Capture inside our Car. Credit: Nurma Komala-Hadi

People seem satisfied with the scenery. They look full-filled. In my country — Jakarta people who labor their physic and soul to survive—use the term “healing” for traveling. But in my case, I didn’t feel like I deserve to heal. Especially, if I put “labor” as a context. There’s this emerging guilty with every step I walked to the place where I was supposed to glorify the beauty of nature, a pine forest, a dazzling orchid garden, and laughter. I miss my laptop and my room, just please make it faster.

I felt like I make myself blind, unable to see the essence in every object I saw. These days I also felt like my consciousness has almost left my body. I guess my presence became a nightmare as I tried to ask my father to get out of the place, a room of people and a stage with a full band. Could you imagine being with someone who takes the joy away?

Let’s go, do something besides this,” I was trying not to sound negative. What we’re going to do besides this anyway?

“It’s only one song,” He answered a bit grumpy. Are two songs enough to be called a lot?

I could hear the ticking sounds of seconds arrow in the clock approaching me and demanding me to work. One second of waiting felt like a haunted 10 hours. I guess the Earth only takes 1 hour to make one complete rotation on its axis.

I don’t have much time. I’m running out of time. I’m going to die meaningless.

When I finally got back to my room, oh my sanctuary, the place where I could unmask my vulnerability to the unjudgemental wall, my work, my future. I press the turn-on button and I might be waiting for 20 minutes to see the screen turn bright as my laptop is already eaten by the harshness of life, like me.

I went to Twitter as I save one of the source materials for my article, the one that I kept thinking during 75 miles away from my room. And I saw one quotation Tweet as a response to the question box “Mention a carrier mistake before you turn 30”.

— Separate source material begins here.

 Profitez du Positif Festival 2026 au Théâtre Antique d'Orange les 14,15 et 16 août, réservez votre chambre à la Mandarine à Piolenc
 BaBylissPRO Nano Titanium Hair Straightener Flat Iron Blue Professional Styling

When I was 28 years old, I realize passion is nonsensical. 
So, I quickly change my strategy to work as an ambition. Thank God.

I felt offended by the Tweet. So much that my panic attack started to arouse my lungs to stop breathing. The Tweet has this behemoth power to trigger my panic attack something I’ve been enduring for the last 3 months. I have clever enough to do a healthy lifestyle as an act of being care of myself. Learning how to breathe, exercise, and how to just listen to the voices in my head that sometimes criticize everything about my stupidity. “When it’s come just listen and be well aware that it was there. Don’t judge or contribute a commentary that will lead to an argument and make your head feel more crowded” — it was the advice given by my Psychiatry.

Certainly, it’s not the Tweet’s fault.

Did I have not pursued my ambition — being realistic? I have this plan, besides my writing carrier. I remember telling myself that writing would be impossible to support my life. So, I closed the chapter to be a writer not until I was financially stable by the age of 31.

And then the accident happened.

A complicated story that I only told nakedly to my Psychiatry. It was so confusing that sometimes I felt like I’m a parasite to my own body. How could you see the future if your present time is covered by the past that always stopping you to do the work?

So right now, I’m back writing, doing something I am passionate about and yet I felt guilty. My ambitious brain told me I am crap to do what I’m passionate about. And my passionate brain also told me to do something more realistic about the product of my passion job, monetizing it. It felt like the ambiguity genre mixed with paradoxical and duality concepts. Is that make any sense?

But, there’s nothing I can do besides having a tiny baby step as I try to build my view of reality. On bad days, I will try to remind myself of the reason why I keep continuing to fight for life…and write. On good days, I will write more and tell myself to trust the process. I will remind myself that big achievement is made by crumbs of little achievement. The pain of discipline is better than the pain of regret being not able to start anything.

And look at you Nurma, you have finished your article. So can we have a cuddle now?